When conservatives speak of limited government, lefties try to convince people limited government is conservative code for no government and/or a “powerless” government.  That’s not true, of course.  As written, the U.S. Constitution is an example of limited government, at least at the federal level.  My definition of limited government is the level that coincides with maximum effective individual liberty.  Limited government does not mean no government/regulations.  Government should provide a civil and criminal legal environment, law enforcement, national security, some elements of infrastructure like roads, et cetera.  Those descriptions are all fine and dandy, but they are largely something you have to picture in your mind, not something you can put your hands on, or drive your car on.

A few weeks ago during my weekday drive to the YMCA, it occurred to me thousands of local residents encounter a comparison of big government and limited government every day.  That comparison is the main traffic intersection in Rochester, PA, a former intersection (really a group of intersections) from Hell.  For those of you not familiar with this area, several heavily-used local and commonwealth roads intersect in Rochester at various angles.

The original solution to this challenge many decades ago was to install a bunch of traffic lights.  The result was what seemed like waiting for an eternity to get through the intersection whether traffic was heavy or light.  During periods of heavy traffic, waiting through several traffic-light cycles was the rule.  Those of us who knew how to bypass the intersection by side streets – and sometimes private property (the Giant Eagle and Kmart parking lots, for example) - did so.  According to a study cited by the Beaver County Times (BCT), “nearly 600 vehicles per hour tried to skirt the intersections.”

In 2011, PennDOT removed the traffic lights and turned the intersection into a roundabout.  The result?  According to the aforementioned BCT story, “A new traffic study, done on Aug. 4 [2011], showed that traffic delays on Rhode Island Avenue — the stretch that approaches the roundabout from the Rochester-Monaca Bridge — had been reduced by 95 percent since the roundabout opened.  That change has been palatable to some, at least; cut-through traffic — those 600 vehicles an hour that had tried to find a way around the old intersections — has been reduced by 35 percent since the roundabout opened.”  My personal experience leads me to believe most drivers who still cut around the intersection likely do so more out of habit than of need.

How does this intersection illustrate the differences between big government and limited government?  The traffic-light version of the intersection represents the big-government approach by employing central control to dictate which vehicles could go where and when.  Drivers had no say about traffic flow unless they employed the “black market,” aka bypassing the intersection and pushing through-traffic onto side streets and private property.  The economic analogy of bypassing the intersection is modifying your activity to avoid excessive tax rates.

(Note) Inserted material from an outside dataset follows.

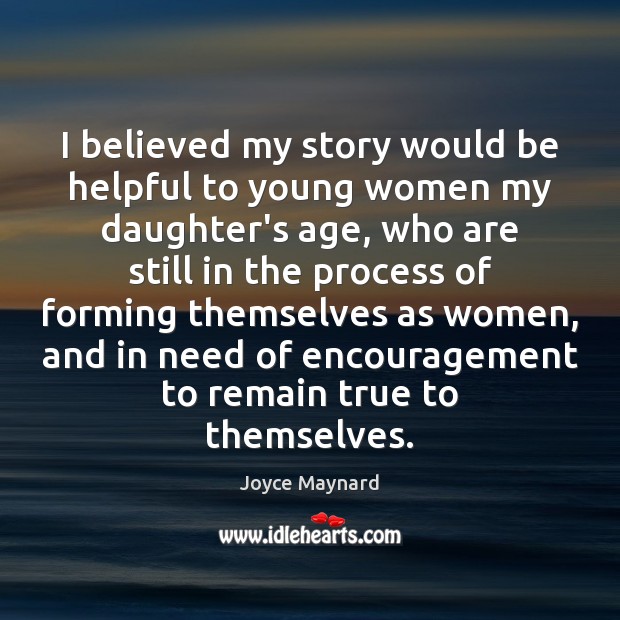 I believed my story would be helpful to young women my daughter’s Joyce Maynard Picture Quote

The roundabout represents limited government by employing only a handful of simple rules (one-way traffic, traffic flows counterclockwise, speed limit of 15 mph, vehicles entering the roundabout must yield to vehicles already in the roundabout, no stop signs) and relying on drivers to control flow through the intersection.  The predictable result was fewer delays and greater throughput.  Remember this the next time someone claims more regulations (traffic lights) are the way to increase economic activity (intersection throughput).

Here’s some interesting back-story.  You may be wondering what triggered the intersection overhaul after so many years of driver and passenger misery.  If you think “a light went on” and PennDOT finally decided to come to our rescue, you would be wrong.  The roundabout didn’t get any apparent thought until another taxpayer-subsidized entity, the Beaver County Transit Authority (BCTA), concluded the pre-roundabout traffic-light intersection “mean significant delays for the BCTA, which sends nearly all of its fixed-route buses through the intersection.”  According to PennDOT, “Average daily traffic in the roundabout area include[d]: Route 68 (Adams Street): 9,659 vehicles; Route 1034 (Brighton Avenue): 4,999 vehicles; and Route 18 (Rhode Island Avenue): 6,292 vehicles.”  I’ll go out on a limb and guess BCTA buses were a very small percentage of those 20,950 vehicles, yet the roundabout was built primarily to address BCTA bus “delays,” not to help the rest of us.